WORK ITEM
Copy out each line of the material in which the word "Rustic" can be found.

'''

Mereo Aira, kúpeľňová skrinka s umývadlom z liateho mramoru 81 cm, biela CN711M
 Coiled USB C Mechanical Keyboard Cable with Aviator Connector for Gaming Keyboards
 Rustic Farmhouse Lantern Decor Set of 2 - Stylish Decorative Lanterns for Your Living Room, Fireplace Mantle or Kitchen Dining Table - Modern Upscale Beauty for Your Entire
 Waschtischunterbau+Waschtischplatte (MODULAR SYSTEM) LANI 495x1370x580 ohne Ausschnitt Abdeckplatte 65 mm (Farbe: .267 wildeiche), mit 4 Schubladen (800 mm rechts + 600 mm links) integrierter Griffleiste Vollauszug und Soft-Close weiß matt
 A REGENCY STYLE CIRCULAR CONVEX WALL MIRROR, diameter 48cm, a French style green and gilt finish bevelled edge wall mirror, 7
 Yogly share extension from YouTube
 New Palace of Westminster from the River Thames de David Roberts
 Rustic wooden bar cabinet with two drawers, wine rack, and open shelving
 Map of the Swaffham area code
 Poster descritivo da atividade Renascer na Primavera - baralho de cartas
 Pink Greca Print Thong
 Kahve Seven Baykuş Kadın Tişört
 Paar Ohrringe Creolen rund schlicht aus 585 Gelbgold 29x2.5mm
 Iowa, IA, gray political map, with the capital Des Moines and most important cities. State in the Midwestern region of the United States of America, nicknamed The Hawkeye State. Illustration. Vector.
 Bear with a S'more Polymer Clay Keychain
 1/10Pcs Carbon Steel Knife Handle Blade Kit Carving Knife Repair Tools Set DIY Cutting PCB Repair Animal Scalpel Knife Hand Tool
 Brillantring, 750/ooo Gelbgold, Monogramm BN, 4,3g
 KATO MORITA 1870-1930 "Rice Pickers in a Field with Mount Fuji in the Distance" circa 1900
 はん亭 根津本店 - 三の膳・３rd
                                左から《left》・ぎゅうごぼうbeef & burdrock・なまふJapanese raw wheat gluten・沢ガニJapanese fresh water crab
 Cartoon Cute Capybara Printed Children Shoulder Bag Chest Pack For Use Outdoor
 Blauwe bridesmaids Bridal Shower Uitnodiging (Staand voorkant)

'''

ANSWER
 Rustic Farmhouse Lantern Decor Set of 2 - Stylish Decorative Lanterns for Your Living Room, Fireplace Mantle or Kitchen Dining Table - Modern Upscale Beauty for Your Entire
 Rustic wooden bar cabinet with two drawers, wine rack, and open shelving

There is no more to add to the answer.